On September 27, 2011, the FTC proposed updates to its COPPA regulation, which initially went into effect in 2000. 76 Fed. Reg. 59804 (Sept. 27, 2011). The current regulation imposes restrictions on companies that operate websites or provide online services directed at children under the age of 13, and those that have actual knowledge that they are collecting personal information online from children under 13. Those site operators must obtain parental consent before obtaining and using a child’s “personal information.”
On December 19, 2012, the FTC announced the final version of its amendments to the COPPA rule. See FTC Announcement. The new amendments do not change many of COPPA’s guiding principles—so everyone who had been subject to COPPA will likely continue to be—but the new amendment does expand the scope and adds a strict liability standard for site operators with respect to certain third-party actions.

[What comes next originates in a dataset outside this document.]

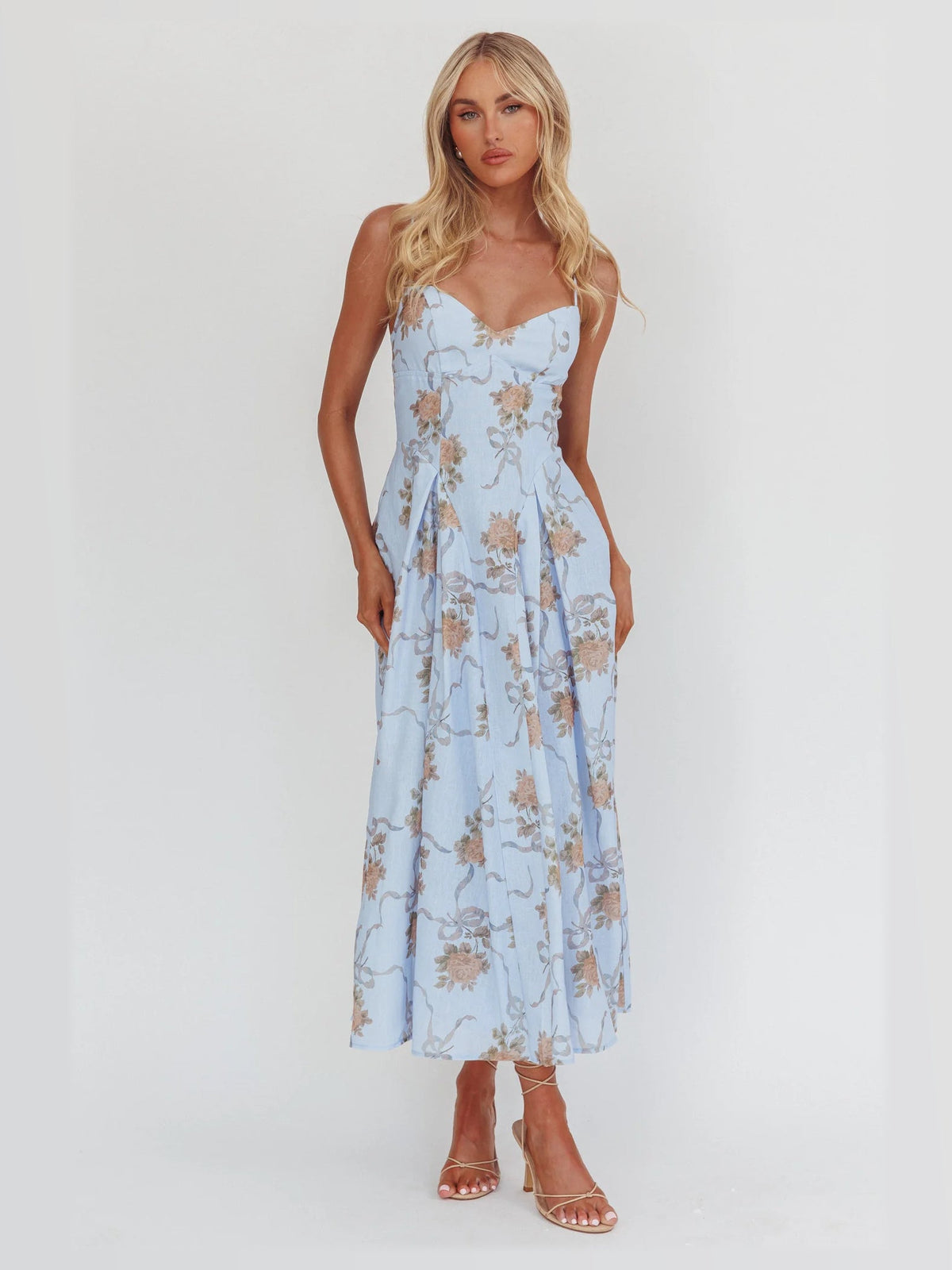 Blue formal dress with a-line shape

Among many other changes, the FTC’s new amendments added an exception to the parental notice and consent requirements that is probably very important to many companies: the parental notice and consent requirements do not apply for personal identifiers used “solely to support for internal operations” of the web site. This new “internal operations” exception contains a broad swath of services that many web sites currently provide for themselves:
- authentication of users,
- contextual advertising,
- frequency capping,
- legal compliance,
- maintaining or analyzing site functioning,
- network communications,
- security and integrity, and
- site analysis.
The COPPA requirements of parental consent still apply, however, with respect to any uses or disclosures of information collected to contact a specific person, including through behavioral advertising, regardless of whether that information was collected to create a profile on that person or for any other purpose.
When the COPPA regulations were first promulgated, plug-ins and advertising networks were not commonly in use. The FTC wrestled with these topics in 2011, and had initially considered amending the COPPA rule to make the creator of the plug-in a “covered co-operator” of the child-directed site and thus subject to COPPA’s requirements.
In response to the comments received, however, the FTC has instead focused the regulatory obligations on the site operator, but has placed strict liability on that operator if the operator allows other online services—such as plug-ins or advertising networks—to collect personal information through the child-directed site. Note that the FTC stated that it will “deem a plug-in or other service to be a covered co-operator only where it has actual knowledge that it is collecting information through a child-directed site.” 78 Fed. Reg. at 3975.
Sources: 76 Fed. Reg. 59804 (Sept. 27, 2011); 78 Fed. Reg. at 3972 (Jan. 17, 2013); “FTC Strengthens Kids’ Privacy, Gives Parents Greater Control Over Their Information By Amending Children’s Online Privacy Protection Rule,” Dec. 19, 2012.